*** Opening Given entries ***

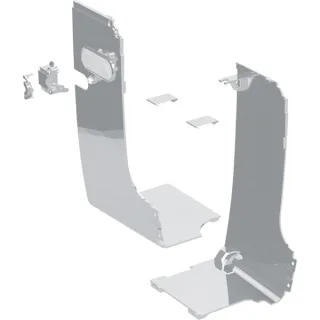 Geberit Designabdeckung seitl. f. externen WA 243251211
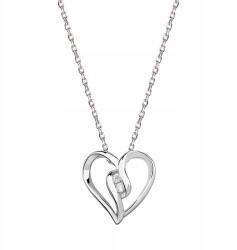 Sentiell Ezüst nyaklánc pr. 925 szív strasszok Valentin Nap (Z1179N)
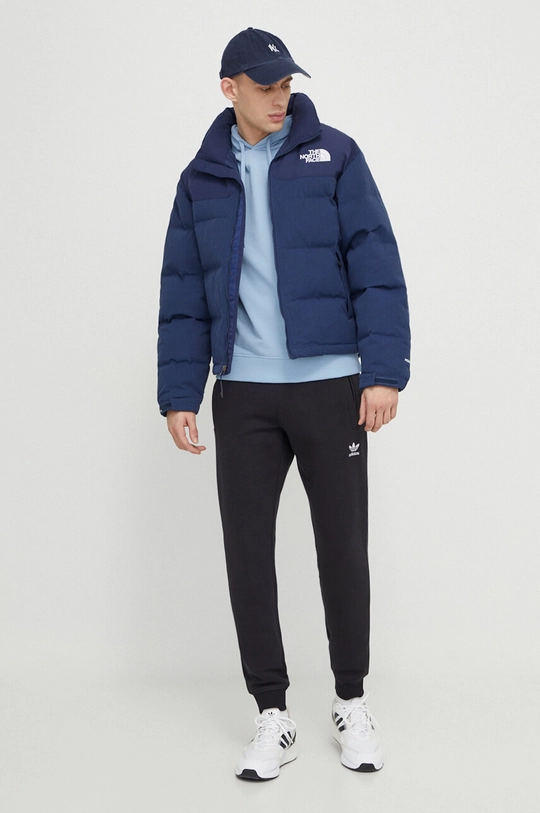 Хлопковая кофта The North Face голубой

*** Closing Given entries ***
*** Opening Given entries ***

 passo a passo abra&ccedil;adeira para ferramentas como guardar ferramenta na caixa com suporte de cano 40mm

*** Closing Given entries ***
*** Opening Given entries ***

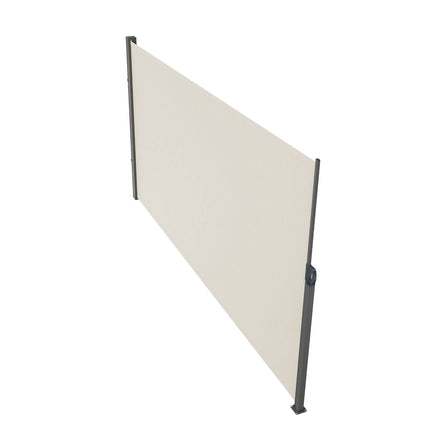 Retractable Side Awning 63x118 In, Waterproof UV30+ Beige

*** Closing Given entries ***

• _What to do_
Using the records above, return word for word the lines that begin at the one containing "Sentiell Ezüst nyaklánc" and end at the one containing "Хлопковая кофта The North Face голубой", both of them included and no pictures.

• _Answer below_
 Sentiell Ezüst nyaklánc pr. 925 szív strasszok Valentin Nap (Z1179N)
 Хлопковая кофта The North Face голубой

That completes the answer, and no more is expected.